→ Task statement
Could you please find each line in the records that contains the word "pour" and copy it?

→ Data extract
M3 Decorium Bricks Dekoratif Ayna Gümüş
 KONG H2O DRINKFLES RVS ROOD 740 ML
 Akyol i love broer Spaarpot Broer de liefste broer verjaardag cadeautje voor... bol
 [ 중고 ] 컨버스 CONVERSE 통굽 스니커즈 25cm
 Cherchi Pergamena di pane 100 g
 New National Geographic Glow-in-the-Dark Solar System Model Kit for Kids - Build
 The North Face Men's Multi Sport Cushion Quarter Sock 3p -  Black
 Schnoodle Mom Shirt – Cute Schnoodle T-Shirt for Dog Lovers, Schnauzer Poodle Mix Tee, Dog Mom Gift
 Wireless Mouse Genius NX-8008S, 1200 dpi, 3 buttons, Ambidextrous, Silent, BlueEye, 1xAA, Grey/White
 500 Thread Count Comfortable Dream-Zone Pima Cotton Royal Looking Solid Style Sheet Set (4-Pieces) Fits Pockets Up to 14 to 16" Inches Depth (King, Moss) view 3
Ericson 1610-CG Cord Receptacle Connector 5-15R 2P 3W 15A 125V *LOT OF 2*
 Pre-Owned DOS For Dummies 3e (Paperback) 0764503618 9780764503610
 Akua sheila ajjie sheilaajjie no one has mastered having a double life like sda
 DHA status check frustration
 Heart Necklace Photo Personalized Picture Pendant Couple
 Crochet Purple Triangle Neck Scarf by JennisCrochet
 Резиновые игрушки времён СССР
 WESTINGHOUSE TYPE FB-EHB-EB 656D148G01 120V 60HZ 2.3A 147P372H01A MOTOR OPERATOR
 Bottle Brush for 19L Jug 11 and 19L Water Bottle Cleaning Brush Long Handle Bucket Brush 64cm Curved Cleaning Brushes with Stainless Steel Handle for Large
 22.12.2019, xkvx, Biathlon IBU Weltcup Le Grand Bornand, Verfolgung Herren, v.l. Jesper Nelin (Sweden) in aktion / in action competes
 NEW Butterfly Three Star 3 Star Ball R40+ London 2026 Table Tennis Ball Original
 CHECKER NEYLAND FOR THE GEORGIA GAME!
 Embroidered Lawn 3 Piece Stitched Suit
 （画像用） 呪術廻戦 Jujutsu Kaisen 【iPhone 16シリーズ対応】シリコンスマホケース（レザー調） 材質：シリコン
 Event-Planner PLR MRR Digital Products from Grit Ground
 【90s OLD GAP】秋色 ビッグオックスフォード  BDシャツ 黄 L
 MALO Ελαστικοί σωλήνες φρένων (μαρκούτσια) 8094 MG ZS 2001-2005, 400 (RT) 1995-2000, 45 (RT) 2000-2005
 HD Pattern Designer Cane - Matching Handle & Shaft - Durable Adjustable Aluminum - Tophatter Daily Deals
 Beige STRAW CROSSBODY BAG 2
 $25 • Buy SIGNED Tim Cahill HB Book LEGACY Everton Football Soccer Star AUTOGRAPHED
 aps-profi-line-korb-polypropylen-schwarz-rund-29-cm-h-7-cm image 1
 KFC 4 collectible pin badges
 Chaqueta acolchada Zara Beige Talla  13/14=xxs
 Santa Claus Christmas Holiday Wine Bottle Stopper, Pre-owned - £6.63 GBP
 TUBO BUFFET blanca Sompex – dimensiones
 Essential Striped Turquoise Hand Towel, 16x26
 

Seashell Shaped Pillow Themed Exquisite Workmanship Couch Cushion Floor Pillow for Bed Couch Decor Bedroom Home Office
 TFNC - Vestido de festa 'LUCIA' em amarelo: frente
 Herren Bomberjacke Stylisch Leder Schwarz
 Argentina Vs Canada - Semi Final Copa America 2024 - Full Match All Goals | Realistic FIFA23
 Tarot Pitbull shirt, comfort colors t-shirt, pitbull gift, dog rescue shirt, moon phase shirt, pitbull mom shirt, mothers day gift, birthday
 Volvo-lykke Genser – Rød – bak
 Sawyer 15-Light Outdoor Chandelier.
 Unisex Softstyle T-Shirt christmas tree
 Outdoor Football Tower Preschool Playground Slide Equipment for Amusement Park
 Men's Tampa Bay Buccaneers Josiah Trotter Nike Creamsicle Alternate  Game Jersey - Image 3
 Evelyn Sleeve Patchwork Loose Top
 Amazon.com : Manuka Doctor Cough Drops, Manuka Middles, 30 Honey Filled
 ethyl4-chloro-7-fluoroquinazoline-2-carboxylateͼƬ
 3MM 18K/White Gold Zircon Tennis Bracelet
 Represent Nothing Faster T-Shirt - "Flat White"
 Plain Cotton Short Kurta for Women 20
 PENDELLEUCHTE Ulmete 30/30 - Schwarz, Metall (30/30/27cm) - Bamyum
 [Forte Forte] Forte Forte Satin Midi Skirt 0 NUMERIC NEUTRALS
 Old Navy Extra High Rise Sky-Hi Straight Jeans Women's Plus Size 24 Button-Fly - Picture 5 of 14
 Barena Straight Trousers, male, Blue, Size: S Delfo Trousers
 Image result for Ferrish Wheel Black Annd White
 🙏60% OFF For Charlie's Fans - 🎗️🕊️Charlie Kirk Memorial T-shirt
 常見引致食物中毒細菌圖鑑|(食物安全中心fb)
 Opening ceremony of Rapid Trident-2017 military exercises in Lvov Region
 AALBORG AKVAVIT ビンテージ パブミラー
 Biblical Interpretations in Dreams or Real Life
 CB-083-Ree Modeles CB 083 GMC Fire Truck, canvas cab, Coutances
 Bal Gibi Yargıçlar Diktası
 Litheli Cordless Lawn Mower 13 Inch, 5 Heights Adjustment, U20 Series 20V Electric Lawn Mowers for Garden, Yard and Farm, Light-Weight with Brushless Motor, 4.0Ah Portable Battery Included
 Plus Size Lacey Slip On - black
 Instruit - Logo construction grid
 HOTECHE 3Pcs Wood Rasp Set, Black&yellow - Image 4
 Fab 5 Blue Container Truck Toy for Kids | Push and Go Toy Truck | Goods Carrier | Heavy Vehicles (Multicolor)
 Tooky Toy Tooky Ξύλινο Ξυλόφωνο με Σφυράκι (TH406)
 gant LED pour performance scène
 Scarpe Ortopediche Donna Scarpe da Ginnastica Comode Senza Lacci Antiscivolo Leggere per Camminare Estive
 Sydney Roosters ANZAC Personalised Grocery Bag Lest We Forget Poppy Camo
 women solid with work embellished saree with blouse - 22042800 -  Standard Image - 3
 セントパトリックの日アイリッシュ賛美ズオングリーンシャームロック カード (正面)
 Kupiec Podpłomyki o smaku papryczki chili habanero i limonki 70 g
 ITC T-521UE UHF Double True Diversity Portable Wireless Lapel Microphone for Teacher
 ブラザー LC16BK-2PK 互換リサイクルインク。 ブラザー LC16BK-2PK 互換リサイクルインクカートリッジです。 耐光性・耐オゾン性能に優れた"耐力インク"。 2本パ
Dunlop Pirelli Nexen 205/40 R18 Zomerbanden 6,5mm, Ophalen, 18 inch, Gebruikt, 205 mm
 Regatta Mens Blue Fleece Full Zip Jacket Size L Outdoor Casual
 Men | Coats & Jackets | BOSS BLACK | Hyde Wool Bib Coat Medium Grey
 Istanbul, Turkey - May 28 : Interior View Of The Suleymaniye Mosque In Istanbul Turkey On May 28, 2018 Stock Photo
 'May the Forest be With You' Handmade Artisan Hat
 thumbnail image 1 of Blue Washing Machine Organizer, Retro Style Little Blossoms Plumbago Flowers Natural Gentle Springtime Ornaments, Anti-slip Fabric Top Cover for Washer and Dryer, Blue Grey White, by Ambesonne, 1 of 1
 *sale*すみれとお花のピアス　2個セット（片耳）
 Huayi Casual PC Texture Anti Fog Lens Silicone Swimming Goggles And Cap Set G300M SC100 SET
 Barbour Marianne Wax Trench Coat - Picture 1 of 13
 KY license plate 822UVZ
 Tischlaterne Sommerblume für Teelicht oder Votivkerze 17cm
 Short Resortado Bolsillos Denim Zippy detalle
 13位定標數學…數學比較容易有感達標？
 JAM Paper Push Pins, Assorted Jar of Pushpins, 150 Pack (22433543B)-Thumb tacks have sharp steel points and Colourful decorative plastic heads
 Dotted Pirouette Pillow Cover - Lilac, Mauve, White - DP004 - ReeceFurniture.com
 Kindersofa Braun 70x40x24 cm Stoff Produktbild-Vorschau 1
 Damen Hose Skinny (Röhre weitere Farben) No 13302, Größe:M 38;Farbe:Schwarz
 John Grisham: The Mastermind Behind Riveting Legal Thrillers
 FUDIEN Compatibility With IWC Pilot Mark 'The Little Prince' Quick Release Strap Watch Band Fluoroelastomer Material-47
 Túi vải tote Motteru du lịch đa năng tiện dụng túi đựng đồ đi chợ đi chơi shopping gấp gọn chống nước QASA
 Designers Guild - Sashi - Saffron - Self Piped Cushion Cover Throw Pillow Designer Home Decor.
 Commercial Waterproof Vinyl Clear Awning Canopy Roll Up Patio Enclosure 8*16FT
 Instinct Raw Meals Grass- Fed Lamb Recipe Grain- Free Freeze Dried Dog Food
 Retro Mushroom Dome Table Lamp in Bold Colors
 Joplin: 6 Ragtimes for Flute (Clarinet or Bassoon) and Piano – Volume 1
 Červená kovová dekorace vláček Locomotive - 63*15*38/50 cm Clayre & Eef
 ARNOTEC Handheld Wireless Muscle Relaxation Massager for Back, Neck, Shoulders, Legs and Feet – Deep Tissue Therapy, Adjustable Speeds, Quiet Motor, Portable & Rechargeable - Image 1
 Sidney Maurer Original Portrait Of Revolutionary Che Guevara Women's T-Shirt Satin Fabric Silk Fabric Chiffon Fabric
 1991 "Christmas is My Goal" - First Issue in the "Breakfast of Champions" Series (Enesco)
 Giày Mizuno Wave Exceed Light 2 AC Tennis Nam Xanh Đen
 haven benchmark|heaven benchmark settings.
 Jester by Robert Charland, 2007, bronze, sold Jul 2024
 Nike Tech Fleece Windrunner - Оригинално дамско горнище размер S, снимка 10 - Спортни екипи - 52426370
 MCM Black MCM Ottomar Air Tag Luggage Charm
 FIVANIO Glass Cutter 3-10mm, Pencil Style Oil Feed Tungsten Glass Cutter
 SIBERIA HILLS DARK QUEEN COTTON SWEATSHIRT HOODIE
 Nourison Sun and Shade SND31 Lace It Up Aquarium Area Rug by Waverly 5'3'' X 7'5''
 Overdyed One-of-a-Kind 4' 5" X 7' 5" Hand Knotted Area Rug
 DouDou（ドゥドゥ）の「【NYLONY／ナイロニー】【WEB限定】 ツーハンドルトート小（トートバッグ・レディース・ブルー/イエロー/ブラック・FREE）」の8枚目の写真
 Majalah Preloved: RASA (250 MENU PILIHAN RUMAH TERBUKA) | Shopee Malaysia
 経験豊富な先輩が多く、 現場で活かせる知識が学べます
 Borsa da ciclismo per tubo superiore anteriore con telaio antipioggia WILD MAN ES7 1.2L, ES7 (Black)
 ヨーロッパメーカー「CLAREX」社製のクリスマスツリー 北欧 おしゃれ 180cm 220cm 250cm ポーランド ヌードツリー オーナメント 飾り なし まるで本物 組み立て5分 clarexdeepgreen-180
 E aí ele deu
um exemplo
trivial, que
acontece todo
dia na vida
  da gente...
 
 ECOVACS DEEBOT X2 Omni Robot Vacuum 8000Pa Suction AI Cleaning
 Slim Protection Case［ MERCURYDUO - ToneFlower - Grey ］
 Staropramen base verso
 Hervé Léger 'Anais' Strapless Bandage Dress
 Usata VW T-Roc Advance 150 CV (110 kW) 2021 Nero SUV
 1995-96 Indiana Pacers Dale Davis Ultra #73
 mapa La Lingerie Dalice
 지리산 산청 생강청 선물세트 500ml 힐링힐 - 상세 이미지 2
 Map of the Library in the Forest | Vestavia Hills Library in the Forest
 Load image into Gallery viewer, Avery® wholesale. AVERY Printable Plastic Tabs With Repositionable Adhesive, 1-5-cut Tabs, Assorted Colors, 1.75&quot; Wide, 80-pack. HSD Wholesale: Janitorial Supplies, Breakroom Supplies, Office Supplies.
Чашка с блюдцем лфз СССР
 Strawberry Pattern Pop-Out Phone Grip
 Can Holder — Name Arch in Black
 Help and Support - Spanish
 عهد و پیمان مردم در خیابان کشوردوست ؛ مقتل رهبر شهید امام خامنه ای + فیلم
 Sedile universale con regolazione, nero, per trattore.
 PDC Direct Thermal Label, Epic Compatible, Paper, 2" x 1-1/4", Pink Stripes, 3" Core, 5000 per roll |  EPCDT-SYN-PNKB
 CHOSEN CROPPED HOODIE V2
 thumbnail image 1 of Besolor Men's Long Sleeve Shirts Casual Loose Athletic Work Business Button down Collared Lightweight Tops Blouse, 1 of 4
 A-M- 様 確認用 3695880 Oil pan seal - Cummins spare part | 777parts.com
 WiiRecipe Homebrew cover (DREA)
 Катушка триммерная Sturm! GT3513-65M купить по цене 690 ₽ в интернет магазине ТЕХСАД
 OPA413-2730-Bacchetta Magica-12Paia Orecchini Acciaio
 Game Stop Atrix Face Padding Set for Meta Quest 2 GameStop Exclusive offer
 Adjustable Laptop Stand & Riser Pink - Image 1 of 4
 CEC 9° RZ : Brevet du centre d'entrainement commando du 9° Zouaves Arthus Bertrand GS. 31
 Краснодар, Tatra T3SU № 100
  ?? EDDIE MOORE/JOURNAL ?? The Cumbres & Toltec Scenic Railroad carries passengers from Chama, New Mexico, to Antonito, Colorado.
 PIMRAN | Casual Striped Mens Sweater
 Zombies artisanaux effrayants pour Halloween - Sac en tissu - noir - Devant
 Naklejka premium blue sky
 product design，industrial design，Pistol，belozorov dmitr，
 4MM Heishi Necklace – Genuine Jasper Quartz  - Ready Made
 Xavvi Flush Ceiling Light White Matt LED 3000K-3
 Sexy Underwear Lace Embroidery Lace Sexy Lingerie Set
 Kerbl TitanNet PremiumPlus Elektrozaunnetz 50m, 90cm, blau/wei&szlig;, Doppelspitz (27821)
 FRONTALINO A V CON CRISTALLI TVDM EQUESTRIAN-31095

→ Written response
 gant LED pour performance scène
 Zombies artisanaux effrayants pour Halloween - Sac en tissu - noir - Devant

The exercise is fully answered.